Mehmet Sener contradicted much of Agca’s testimony on the time and location of meetings with alleged co-conspirators in the Pope assassination attempt, said a Swiss judge who was present at the two-day hearing.
Italian press reports said prosecutors hoped the interrogation would help determine whether Ali Agca acted alone in the May 13, 1981 shooting or, as he claims, was part of a plot involving the Bulgarian secret service and the Gray Wolves, a group of rightist terrorists.
Sener refused to appear as a witness in Agca’s Rome trial, said the Swiss judge, Burgdorf investigating magistrate Fabio Righetti. Sener said he feared his testimony would be used aganst him, said Righetti.

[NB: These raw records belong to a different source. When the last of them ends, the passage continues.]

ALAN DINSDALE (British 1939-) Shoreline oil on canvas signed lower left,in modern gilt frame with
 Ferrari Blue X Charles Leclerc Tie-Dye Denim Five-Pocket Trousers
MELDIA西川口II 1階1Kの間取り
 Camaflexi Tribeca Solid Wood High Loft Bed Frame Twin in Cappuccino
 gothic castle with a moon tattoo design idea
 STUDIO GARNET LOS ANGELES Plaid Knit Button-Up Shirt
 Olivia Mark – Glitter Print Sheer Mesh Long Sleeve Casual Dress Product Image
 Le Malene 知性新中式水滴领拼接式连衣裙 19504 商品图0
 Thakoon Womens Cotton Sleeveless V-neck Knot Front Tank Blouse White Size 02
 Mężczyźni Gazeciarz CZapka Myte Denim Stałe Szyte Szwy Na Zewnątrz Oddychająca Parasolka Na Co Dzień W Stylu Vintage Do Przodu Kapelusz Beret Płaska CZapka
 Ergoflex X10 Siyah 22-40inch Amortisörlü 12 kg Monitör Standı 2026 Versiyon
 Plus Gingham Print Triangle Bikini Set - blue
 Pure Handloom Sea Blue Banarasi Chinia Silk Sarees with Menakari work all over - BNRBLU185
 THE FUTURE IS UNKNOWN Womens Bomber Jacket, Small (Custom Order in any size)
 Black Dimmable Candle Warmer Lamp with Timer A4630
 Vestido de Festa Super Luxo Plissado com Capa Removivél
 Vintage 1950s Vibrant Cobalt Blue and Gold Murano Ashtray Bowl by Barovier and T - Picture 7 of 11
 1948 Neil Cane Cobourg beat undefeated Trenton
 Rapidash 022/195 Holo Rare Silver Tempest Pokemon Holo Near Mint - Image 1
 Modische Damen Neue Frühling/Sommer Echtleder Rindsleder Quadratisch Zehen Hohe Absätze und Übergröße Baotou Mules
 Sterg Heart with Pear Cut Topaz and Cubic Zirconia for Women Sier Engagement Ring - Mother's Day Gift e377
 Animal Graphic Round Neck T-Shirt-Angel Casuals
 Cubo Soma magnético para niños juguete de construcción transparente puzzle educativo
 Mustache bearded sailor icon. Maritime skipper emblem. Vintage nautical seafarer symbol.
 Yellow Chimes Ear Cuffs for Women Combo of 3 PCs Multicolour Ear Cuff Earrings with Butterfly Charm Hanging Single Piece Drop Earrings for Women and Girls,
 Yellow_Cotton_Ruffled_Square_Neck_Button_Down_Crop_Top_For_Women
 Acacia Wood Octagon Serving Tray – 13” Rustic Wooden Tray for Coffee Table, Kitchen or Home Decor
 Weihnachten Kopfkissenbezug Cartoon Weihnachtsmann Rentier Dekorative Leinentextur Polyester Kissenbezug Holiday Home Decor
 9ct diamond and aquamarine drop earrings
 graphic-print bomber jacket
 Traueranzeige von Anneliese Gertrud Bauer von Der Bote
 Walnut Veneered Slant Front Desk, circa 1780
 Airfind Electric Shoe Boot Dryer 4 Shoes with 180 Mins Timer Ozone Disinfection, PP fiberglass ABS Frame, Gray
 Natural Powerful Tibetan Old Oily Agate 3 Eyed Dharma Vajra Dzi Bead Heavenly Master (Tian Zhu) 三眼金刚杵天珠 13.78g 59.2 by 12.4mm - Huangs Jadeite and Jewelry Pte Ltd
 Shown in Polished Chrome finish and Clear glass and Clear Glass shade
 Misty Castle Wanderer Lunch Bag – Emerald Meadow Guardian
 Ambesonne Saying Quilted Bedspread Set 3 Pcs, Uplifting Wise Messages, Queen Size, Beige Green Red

The judge said he expected Italian authorities to demand Sener’s extradition so he can appear at the trial.
The hearing was held under an international judicial assistance agreement, according to the Swiss justice ministry. The Italian team was led by Rome judge Severino Santiapichi.
Sener has been in Swiss custody since 1982, when he was arrested on a Turkish warrant charging him with instigating Ali Agca’s 1979 murder of a Turkish newspaper editor. Agca was convicted and imprisoned for that murder, but escaped, and turned up in Rome when he tried to assassinate the pope.
After the Swiss refused extradition, a court last May sentenced Sener to five years in prison for bringing heroin into Switzerland and trying to sell it in the early 1980s.